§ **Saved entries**

================

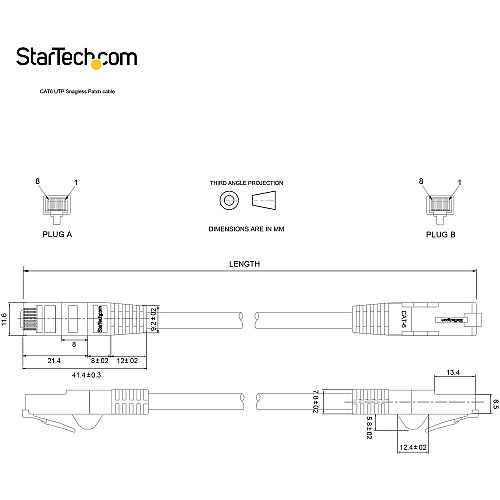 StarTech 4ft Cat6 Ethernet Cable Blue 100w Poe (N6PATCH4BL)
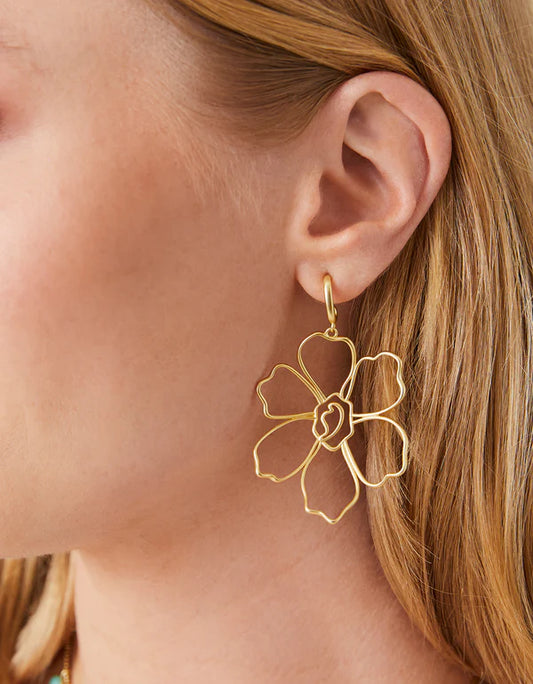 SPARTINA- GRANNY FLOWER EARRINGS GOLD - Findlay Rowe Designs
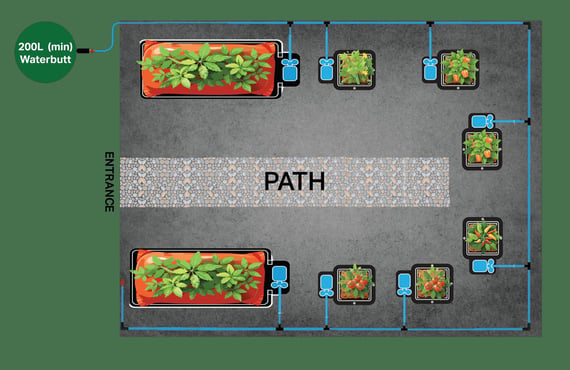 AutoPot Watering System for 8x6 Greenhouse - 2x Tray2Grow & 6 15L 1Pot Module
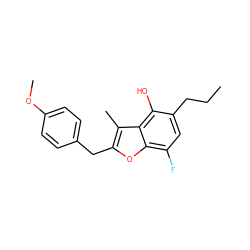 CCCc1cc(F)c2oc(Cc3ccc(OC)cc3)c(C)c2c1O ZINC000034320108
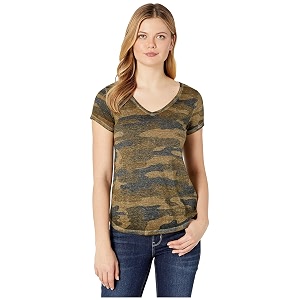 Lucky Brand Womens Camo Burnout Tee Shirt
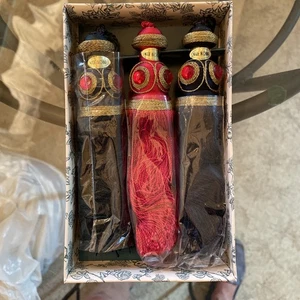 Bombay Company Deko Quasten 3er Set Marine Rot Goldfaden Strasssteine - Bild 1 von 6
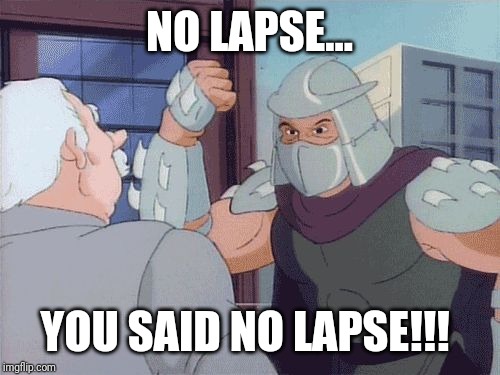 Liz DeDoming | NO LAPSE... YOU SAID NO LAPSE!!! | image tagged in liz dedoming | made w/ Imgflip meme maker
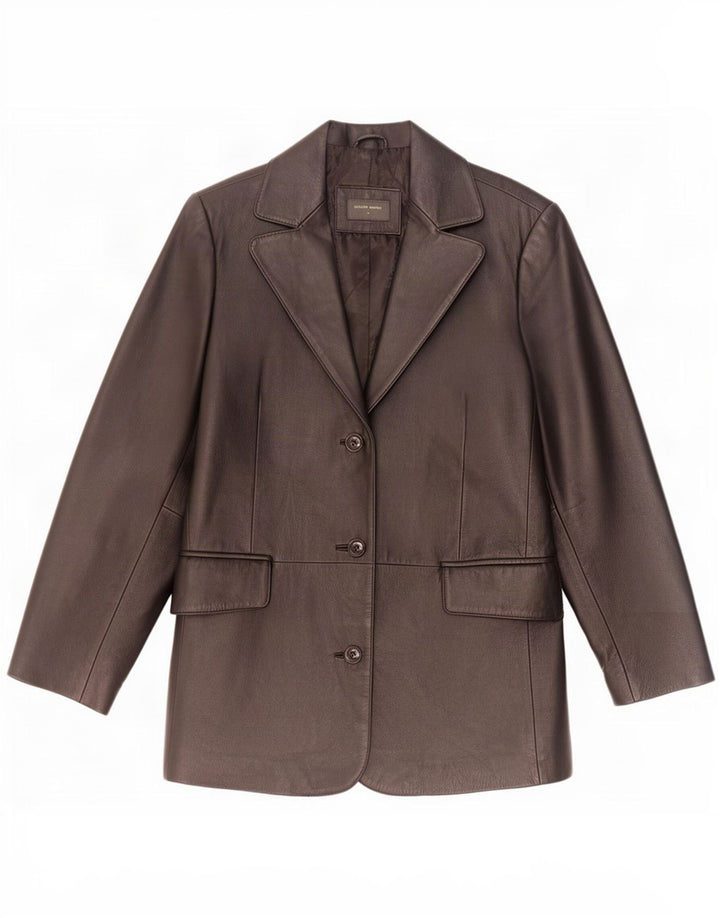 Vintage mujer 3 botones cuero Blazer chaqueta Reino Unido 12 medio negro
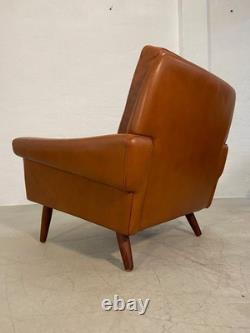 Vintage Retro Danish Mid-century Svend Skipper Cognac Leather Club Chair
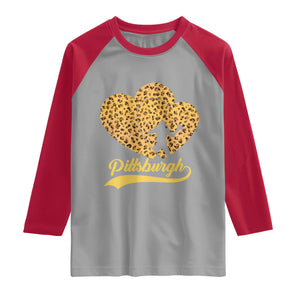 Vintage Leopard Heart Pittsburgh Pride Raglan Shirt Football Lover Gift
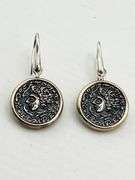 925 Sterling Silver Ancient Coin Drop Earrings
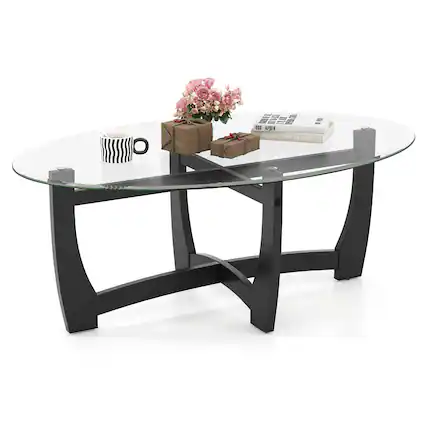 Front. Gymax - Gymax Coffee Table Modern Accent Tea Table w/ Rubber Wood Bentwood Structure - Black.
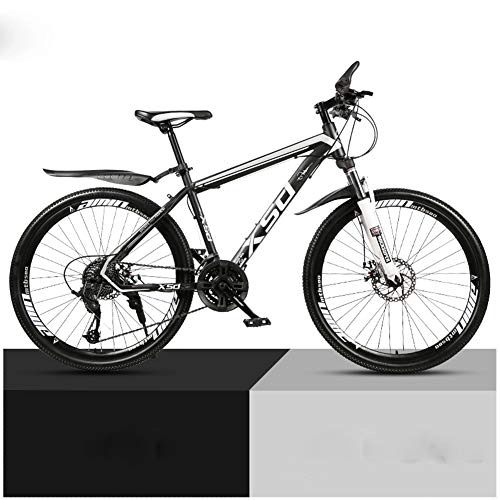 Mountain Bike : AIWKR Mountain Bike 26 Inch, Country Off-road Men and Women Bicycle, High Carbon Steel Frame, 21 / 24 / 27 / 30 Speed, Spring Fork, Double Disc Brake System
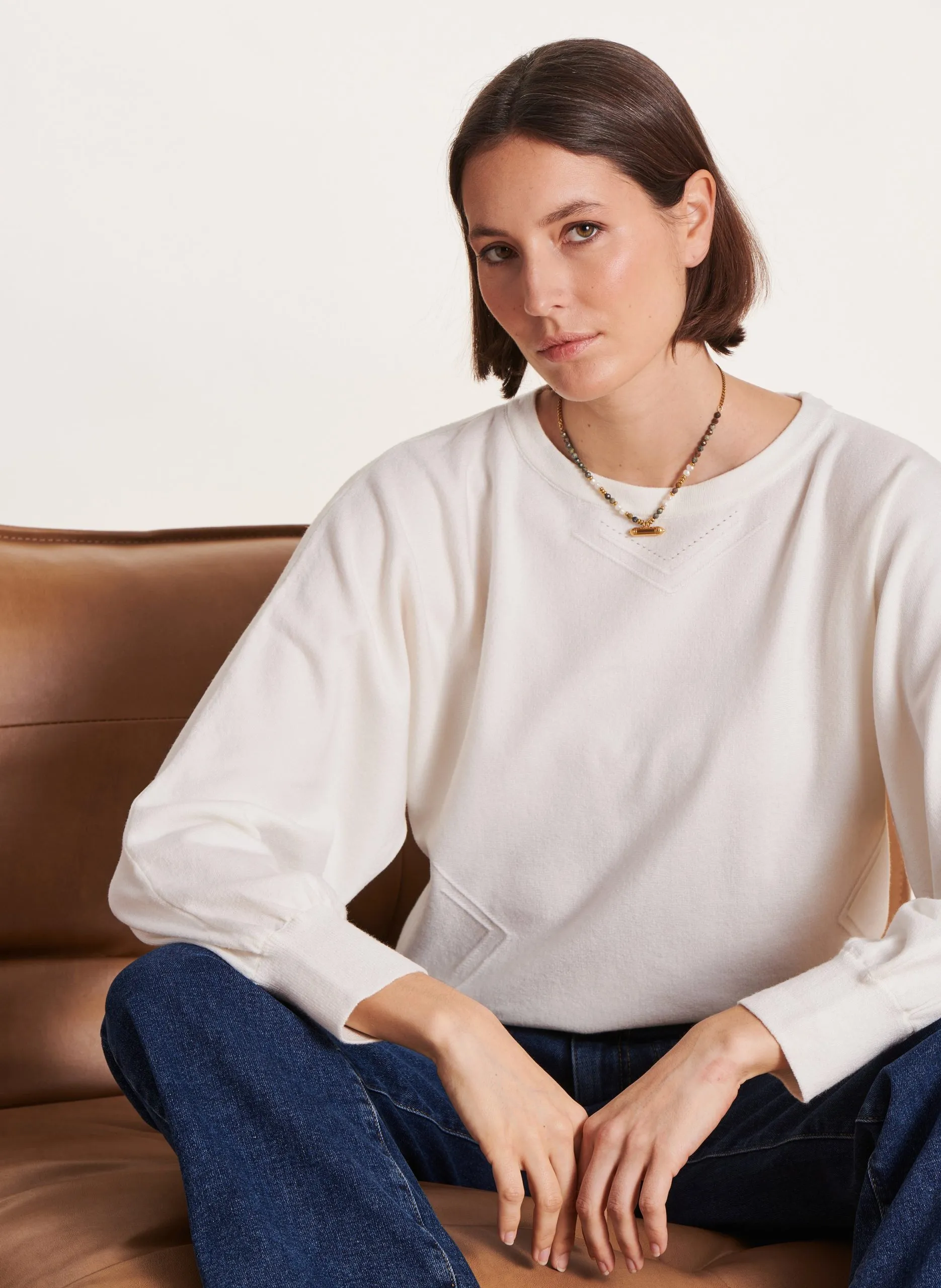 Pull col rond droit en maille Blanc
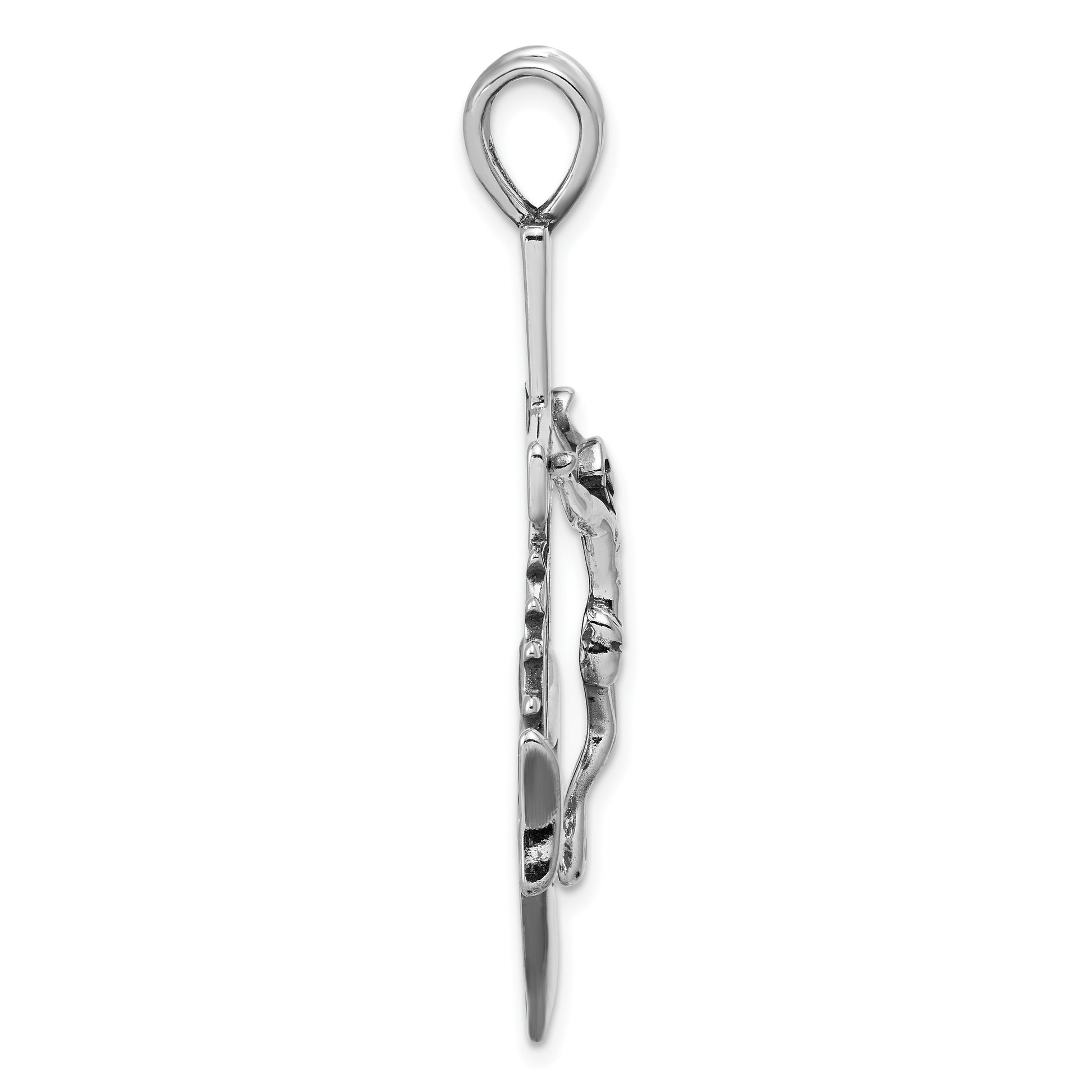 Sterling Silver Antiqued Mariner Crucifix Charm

================

§ **REQUIREMENT**
Only the lines starting at the one that holds "Vintage mujer 3" and ending at the last line of the data belong in your answer. Please set them down exactly and omit the pictures.

§ **ANSWER BOX**
 Vintage mujer 3 botones cuero Blazer chaqueta Reino Unido 12 medio negro
 Vintage Retro Danish Mid-century Svend Skipper Cognac Leather Club Chair
 Vintage Leopard Heart Pittsburgh Pride Raglan Shirt Football Lover Gift
 925 Sterling Silver Ancient Coin Drop Earrings
 Front. Gymax - Gymax Coffee Table Modern Accent Tea Table w/ Rubber Wood Bentwood Structure - Black.
 Mountain Bike : AIWKR Mountain Bike 26 Inch, Country Off-road Men and Women Bicycle, High Carbon Steel Frame, 21 / 24 / 27 / 30 Speed, Spring Fork, Double Disc Brake System
 Pull col rond droit en maille Blanc
 Sterling Silver Antiqued Mariner Crucifix Charm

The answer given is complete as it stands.